### [Problem description]
If a line in the entries contains the string "inch", include that line in your answer.

[[ Available data, beginning ]]

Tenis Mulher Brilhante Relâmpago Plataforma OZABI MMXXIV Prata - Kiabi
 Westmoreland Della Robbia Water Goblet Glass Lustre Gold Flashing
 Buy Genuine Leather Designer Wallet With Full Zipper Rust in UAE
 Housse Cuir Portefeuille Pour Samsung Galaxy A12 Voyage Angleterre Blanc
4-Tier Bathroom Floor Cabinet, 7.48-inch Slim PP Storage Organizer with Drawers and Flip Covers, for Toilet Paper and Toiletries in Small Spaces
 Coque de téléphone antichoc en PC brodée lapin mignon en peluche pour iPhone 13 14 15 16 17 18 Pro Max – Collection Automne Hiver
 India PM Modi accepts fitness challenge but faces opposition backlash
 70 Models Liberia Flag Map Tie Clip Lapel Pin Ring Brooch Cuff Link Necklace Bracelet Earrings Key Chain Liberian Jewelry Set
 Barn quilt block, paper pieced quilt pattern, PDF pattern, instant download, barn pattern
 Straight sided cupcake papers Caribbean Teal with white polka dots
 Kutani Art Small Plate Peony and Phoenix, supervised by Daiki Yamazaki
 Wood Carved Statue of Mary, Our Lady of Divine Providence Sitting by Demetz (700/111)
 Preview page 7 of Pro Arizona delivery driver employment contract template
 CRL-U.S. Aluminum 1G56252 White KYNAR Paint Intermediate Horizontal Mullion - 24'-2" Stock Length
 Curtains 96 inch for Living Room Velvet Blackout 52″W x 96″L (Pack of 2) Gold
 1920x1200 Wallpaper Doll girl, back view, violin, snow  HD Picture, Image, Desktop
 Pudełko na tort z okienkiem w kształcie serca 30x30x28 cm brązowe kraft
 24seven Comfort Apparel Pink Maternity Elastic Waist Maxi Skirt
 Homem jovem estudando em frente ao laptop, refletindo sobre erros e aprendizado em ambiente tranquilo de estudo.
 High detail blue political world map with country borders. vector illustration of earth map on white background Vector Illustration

[[ Available data, end ]]

### [Exercise answer]
4-Tier Bathroom Floor Cabinet, 7.48-inch Slim PP Storage Organizer with Drawers and Flip Covers, for Toilet Paper and Toiletries in Small Spaces
 Curtains 96 inch for Living Room Velvet Blackout 52″W x 96″L (Pack of 2) Gold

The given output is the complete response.